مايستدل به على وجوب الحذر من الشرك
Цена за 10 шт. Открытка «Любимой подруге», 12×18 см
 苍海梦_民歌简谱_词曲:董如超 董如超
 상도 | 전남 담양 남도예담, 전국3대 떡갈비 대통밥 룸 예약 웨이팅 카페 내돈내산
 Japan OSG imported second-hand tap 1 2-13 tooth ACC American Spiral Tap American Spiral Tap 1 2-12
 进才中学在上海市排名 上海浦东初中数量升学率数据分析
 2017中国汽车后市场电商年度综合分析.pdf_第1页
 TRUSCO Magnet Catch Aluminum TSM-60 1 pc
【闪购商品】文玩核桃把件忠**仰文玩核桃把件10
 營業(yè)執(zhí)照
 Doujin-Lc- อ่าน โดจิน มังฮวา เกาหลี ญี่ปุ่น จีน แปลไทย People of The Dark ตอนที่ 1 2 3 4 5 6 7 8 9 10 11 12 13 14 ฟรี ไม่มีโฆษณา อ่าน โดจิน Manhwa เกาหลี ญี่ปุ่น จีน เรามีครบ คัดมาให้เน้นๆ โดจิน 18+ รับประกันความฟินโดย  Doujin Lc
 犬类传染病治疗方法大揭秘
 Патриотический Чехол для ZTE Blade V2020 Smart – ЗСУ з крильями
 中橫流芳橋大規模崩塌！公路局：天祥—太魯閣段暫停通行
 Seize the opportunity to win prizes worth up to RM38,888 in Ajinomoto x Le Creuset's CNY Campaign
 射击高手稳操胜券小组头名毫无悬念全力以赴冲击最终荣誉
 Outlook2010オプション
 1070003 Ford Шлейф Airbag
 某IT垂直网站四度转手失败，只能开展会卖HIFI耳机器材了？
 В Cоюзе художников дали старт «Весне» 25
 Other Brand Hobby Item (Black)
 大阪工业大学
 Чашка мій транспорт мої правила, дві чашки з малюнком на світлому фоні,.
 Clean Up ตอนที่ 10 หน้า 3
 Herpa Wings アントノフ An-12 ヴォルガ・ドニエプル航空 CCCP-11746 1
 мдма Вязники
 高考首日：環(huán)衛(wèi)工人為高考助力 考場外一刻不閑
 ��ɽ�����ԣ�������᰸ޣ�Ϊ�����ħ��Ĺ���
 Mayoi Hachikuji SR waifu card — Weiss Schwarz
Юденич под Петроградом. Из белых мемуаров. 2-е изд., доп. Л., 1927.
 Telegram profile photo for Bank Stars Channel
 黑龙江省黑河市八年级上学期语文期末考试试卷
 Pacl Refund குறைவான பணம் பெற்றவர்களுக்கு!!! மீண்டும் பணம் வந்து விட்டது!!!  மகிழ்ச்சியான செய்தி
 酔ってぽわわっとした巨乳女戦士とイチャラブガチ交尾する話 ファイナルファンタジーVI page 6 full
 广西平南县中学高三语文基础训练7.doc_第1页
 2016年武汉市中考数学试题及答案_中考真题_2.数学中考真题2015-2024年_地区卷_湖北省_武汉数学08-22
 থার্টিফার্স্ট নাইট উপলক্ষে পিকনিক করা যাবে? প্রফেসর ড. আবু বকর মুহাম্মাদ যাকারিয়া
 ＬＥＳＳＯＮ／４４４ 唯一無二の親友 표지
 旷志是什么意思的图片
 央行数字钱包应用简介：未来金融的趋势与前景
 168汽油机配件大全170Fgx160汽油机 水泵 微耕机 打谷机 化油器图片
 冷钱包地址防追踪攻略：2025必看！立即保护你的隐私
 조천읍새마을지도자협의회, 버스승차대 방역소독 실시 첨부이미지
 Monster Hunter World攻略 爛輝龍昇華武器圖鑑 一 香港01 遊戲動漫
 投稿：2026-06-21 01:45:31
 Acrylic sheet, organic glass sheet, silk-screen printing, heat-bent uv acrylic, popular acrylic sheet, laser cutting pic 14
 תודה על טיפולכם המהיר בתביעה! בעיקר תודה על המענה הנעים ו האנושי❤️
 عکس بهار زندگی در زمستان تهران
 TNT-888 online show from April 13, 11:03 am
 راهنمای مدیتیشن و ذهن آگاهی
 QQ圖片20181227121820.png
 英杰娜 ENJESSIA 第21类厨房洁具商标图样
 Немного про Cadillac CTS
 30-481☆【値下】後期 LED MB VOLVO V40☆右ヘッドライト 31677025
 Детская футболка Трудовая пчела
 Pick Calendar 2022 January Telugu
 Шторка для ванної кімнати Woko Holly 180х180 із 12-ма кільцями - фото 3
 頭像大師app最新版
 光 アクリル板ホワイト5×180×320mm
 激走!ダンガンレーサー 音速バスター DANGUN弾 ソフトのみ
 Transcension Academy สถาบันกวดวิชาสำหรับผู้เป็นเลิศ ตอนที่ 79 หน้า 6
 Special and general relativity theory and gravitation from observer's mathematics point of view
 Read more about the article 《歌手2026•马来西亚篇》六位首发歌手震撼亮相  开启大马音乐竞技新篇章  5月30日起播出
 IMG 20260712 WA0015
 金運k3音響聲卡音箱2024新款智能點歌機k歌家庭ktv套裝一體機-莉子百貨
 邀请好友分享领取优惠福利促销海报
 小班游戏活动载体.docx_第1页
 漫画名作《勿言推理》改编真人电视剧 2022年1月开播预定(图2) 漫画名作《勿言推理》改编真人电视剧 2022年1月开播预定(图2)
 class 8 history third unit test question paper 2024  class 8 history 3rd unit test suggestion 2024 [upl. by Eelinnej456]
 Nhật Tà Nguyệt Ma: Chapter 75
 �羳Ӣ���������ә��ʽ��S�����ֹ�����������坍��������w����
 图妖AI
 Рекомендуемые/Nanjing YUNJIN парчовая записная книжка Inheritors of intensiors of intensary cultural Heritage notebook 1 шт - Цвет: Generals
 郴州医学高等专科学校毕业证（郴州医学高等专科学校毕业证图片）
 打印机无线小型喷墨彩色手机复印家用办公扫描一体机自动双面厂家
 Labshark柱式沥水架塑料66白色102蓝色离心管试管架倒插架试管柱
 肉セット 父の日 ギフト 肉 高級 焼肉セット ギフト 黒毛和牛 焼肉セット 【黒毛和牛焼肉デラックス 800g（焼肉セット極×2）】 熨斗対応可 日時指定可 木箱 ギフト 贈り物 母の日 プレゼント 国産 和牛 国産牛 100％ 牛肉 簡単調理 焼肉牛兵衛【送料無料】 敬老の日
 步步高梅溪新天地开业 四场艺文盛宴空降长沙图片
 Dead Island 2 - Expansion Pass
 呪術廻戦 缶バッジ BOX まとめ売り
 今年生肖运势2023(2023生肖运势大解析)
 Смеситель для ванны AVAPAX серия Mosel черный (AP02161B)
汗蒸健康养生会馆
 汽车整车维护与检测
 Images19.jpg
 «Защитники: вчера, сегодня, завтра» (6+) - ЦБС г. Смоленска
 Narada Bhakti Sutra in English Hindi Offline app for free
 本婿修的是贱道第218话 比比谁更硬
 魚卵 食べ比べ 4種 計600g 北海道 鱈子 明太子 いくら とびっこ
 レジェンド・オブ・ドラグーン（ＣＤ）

┄┄┄┄┄┄┄┄┄┄

All that is wanted is the lines from the one containing "漫画名作《勿言推理》改编真人电视剧 2022年1月开播预定(图2) 漫画名作《勿言推理》改编真人电视剧" through the last line of the records, restated word for word.

### SOLUTION TO THIS PROBLEM
 漫画名作《勿言推理》改编真人电视剧 2022年1月开播预定(图2) 漫画名作《勿言推理》改编真人电视剧 2022年1月开播预定(图2)
 class 8 history third unit test question paper 2024  class 8 history 3rd unit test suggestion 2024 [upl. by Eelinnej456]
 Nhật Tà Nguyệt Ma: Chapter 75
 �羳Ӣ���������ә��ʽ��S�����ֹ�����������坍��������w����
 图妖AI
 Рекомендуемые/Nanjing YUNJIN парчовая записная книжка Inheritors of intensiors of intensary cultural Heritage notebook 1 шт - Цвет: Generals
 郴州医学高等专科学校毕业证（郴州医学高等专科学校毕业证图片）
 打印机无线小型喷墨彩色手机复印家用办公扫描一体机自动双面厂家
 Labshark柱式沥水架塑料66白色102蓝色离心管试管架倒插架试管柱
 肉セット 父の日 ギフト 肉 高級 焼肉セット ギフト 黒毛和牛 焼肉セット 【黒毛和牛焼肉デラックス 800g（焼肉セット極×2）】 熨斗対応可 日時指定可 木箱 ギフト 贈り物 母の日 プレゼント 国産 和牛 国産牛 100％ 牛肉 簡単調理 焼肉牛兵衛【送料無料】 敬老の日
 步步高梅溪新天地开业 四场艺文盛宴空降长沙图片
 Dead Island 2 - Expansion Pass
 呪術廻戦 缶バッジ BOX まとめ売り
 今年生肖运势2023(2023生肖运势大解析)
 Смеситель для ванны AVAPAX серия Mosel черный (AP02161B)
汗蒸健康养生会馆
 汽车整车维护与检测
 Images19.jpg
 «Защитники: вчера, сегодня, завтра» (6+) - ЦБС г. Смоленска
 Narada Bhakti Sutra in English Hindi Offline app for free
 本婿修的是贱道第218话 比比谁更硬
 魚卵 食べ比べ 4種 計600g 北海道 鱈子 明太子 いくら とびっこ
 レジェンド・オブ・ドラグーン（ＣＤ）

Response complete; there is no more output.